With the line containing "Nissan Pathfinder 2WD 4dr V6 SV 2012" as the start and the line containing "1000 x Mini" as the end, transcribe that span of the entries below exactly, including both.

___ Source material

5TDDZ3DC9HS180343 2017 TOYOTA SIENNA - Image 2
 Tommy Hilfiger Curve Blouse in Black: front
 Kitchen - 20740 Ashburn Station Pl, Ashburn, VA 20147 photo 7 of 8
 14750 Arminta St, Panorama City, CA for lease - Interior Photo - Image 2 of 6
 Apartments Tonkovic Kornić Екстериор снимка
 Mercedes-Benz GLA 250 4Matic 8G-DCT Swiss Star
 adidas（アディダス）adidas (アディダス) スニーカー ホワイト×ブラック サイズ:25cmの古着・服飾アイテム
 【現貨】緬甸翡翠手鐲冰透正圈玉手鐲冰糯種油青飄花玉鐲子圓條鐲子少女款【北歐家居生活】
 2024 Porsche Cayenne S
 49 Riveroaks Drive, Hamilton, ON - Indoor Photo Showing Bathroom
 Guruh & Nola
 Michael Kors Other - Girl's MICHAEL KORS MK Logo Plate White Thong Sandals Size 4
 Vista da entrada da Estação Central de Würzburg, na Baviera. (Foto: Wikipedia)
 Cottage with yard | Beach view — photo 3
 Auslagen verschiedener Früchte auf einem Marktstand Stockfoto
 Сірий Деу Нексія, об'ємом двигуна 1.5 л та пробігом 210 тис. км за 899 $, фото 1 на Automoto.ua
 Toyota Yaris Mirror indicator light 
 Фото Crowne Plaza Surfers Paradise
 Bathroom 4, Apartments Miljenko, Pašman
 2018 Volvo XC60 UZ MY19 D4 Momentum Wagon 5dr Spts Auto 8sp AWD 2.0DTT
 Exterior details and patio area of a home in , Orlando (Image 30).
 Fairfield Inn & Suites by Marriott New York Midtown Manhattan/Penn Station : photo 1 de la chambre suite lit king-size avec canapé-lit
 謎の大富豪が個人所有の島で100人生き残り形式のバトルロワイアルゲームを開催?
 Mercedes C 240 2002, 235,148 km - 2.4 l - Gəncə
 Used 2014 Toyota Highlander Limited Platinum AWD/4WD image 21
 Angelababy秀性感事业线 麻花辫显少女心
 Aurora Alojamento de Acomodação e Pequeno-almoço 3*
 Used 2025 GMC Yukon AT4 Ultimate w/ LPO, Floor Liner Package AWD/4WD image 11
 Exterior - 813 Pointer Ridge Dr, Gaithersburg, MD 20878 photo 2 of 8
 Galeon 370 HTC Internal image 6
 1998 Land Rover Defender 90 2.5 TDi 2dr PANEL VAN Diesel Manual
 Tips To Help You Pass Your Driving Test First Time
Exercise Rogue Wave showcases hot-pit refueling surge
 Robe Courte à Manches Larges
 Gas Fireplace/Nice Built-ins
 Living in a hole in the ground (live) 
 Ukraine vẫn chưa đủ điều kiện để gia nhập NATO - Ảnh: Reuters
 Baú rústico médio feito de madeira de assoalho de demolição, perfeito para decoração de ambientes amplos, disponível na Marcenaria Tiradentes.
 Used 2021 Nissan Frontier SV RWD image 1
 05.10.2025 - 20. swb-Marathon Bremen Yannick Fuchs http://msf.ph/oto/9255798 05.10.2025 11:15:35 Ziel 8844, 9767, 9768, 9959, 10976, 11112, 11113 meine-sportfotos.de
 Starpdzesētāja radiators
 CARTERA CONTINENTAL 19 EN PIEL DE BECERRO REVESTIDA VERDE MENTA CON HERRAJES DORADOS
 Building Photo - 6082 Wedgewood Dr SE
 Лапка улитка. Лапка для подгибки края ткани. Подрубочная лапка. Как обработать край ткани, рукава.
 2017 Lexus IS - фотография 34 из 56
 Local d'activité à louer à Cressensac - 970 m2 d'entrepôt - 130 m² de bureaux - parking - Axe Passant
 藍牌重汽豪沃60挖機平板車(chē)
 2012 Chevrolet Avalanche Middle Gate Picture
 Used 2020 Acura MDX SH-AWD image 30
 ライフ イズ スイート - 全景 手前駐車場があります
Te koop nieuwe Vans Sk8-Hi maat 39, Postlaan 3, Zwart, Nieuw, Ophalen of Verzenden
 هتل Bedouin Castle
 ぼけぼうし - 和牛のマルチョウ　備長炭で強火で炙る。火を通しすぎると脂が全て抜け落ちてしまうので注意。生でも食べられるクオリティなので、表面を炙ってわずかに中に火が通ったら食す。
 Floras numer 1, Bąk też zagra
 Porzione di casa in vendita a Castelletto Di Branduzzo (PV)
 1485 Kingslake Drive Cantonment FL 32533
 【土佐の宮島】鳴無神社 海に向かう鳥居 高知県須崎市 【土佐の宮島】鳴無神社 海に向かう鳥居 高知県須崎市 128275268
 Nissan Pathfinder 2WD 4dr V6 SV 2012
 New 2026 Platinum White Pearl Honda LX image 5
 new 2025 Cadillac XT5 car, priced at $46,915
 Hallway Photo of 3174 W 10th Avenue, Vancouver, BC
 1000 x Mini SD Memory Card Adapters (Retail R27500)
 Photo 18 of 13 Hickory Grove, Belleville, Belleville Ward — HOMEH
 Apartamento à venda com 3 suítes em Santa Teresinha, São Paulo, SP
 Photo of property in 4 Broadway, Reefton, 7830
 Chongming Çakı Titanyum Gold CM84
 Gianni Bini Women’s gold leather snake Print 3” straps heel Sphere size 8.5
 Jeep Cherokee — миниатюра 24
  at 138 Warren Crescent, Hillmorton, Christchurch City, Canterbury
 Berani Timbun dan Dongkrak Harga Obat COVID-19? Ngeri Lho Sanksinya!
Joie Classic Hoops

______

▸ **Output of the task**
 Nissan Pathfinder 2WD 4dr V6 SV 2012
 New 2026 Platinum White Pearl Honda LX image 5
 new 2025 Cadillac XT5 car, priced at $46,915
 Hallway Photo of 3174 W 10th Avenue, Vancouver, BC
 1000 x Mini SD Memory Card Adapters (Retail R27500)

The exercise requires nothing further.